● Records
======
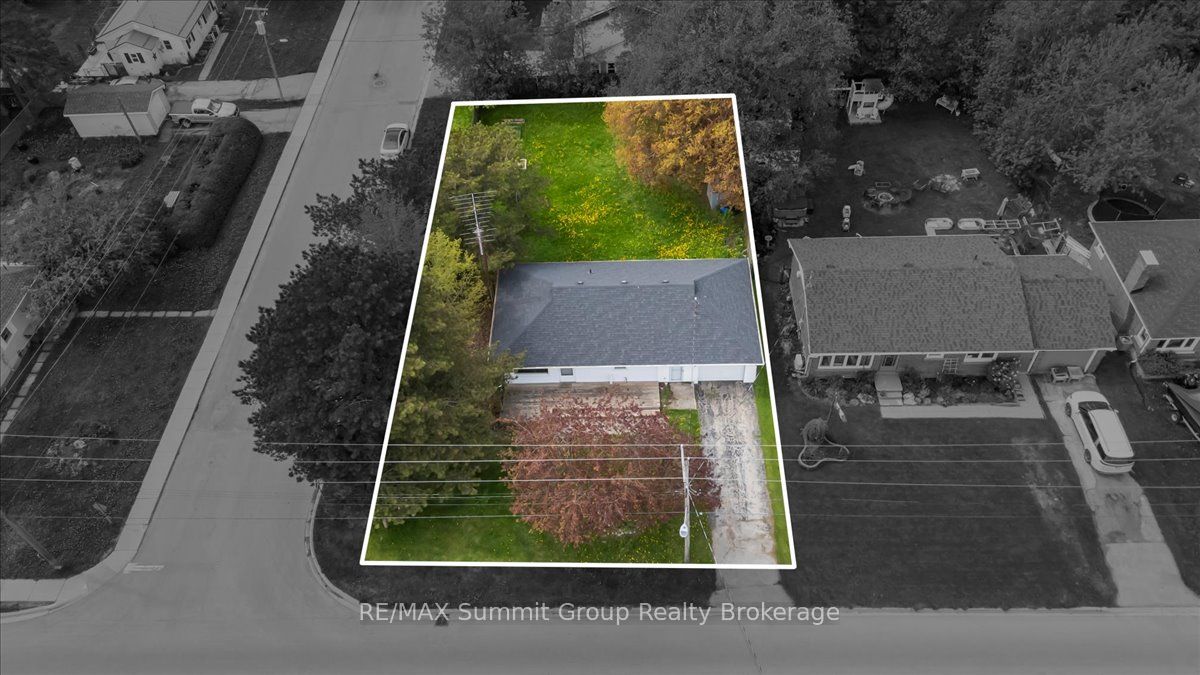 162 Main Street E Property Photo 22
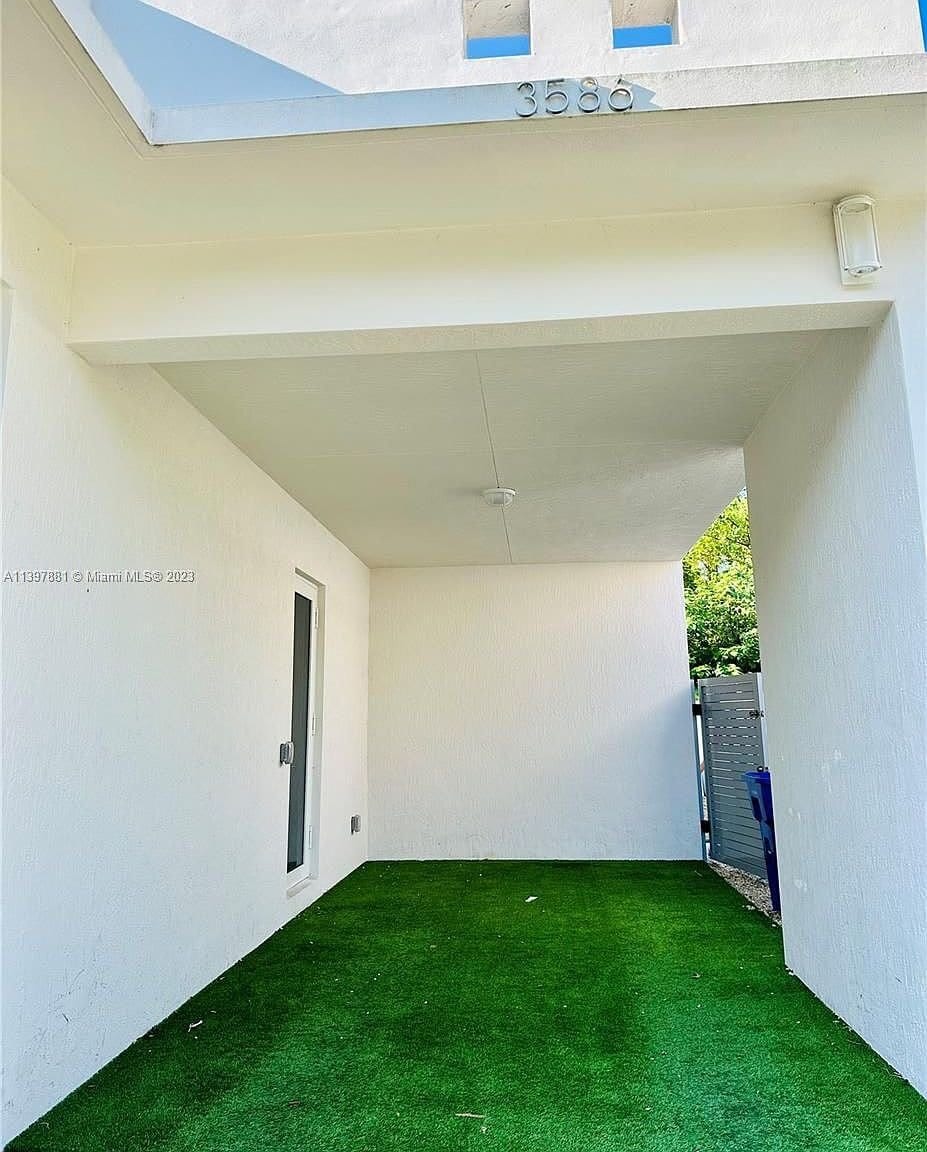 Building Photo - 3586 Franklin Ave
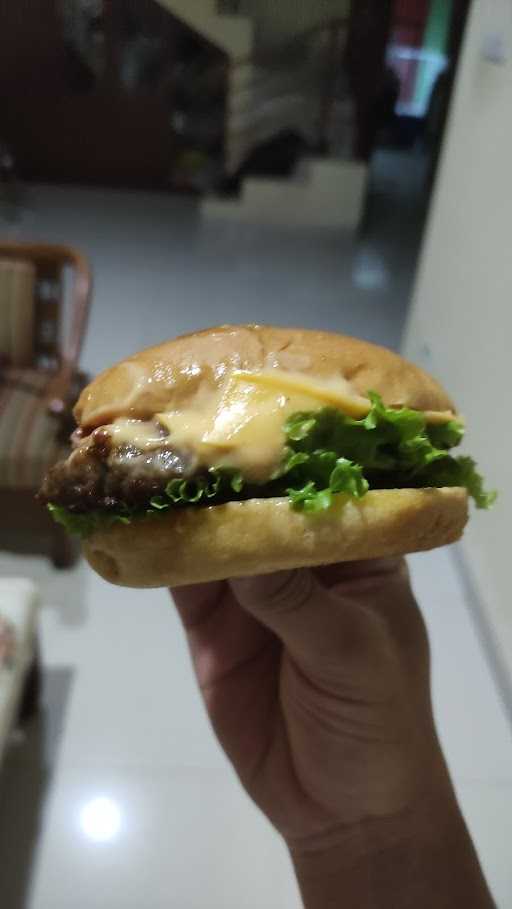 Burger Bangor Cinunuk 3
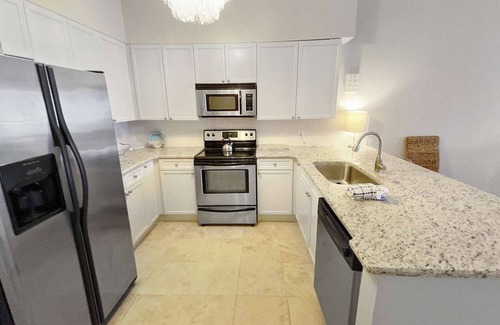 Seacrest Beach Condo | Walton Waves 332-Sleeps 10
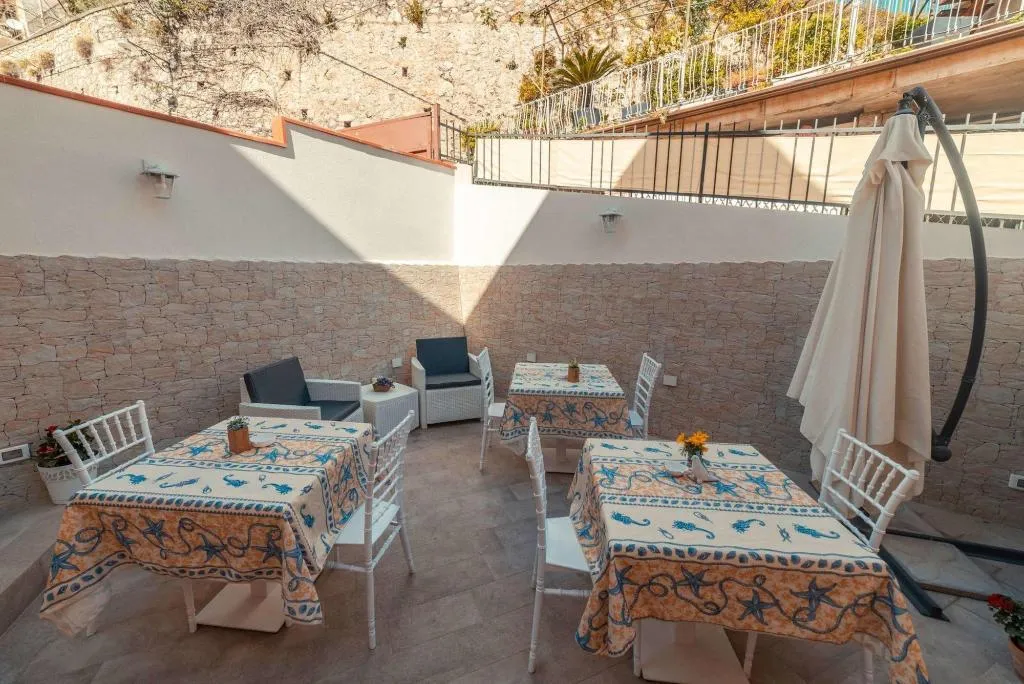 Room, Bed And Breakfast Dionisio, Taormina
======
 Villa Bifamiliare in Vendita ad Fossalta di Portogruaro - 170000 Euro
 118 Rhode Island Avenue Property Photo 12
======
● What is needed
Copy only the lines above from the one containing "Building Photo - 3586 Franklin Ave" through the one containing "Room, Bed And Breakfast Dionisio, Taormina", both included. Leave out the pictures.

● Task result
 Building Photo - 3586 Franklin Ave
 Burger Bangor Cinunuk 3
 Seacrest Beach Condo | Walton Waves 332-Sleeps 10
 Room, Bed And Breakfast Dionisio, Taormina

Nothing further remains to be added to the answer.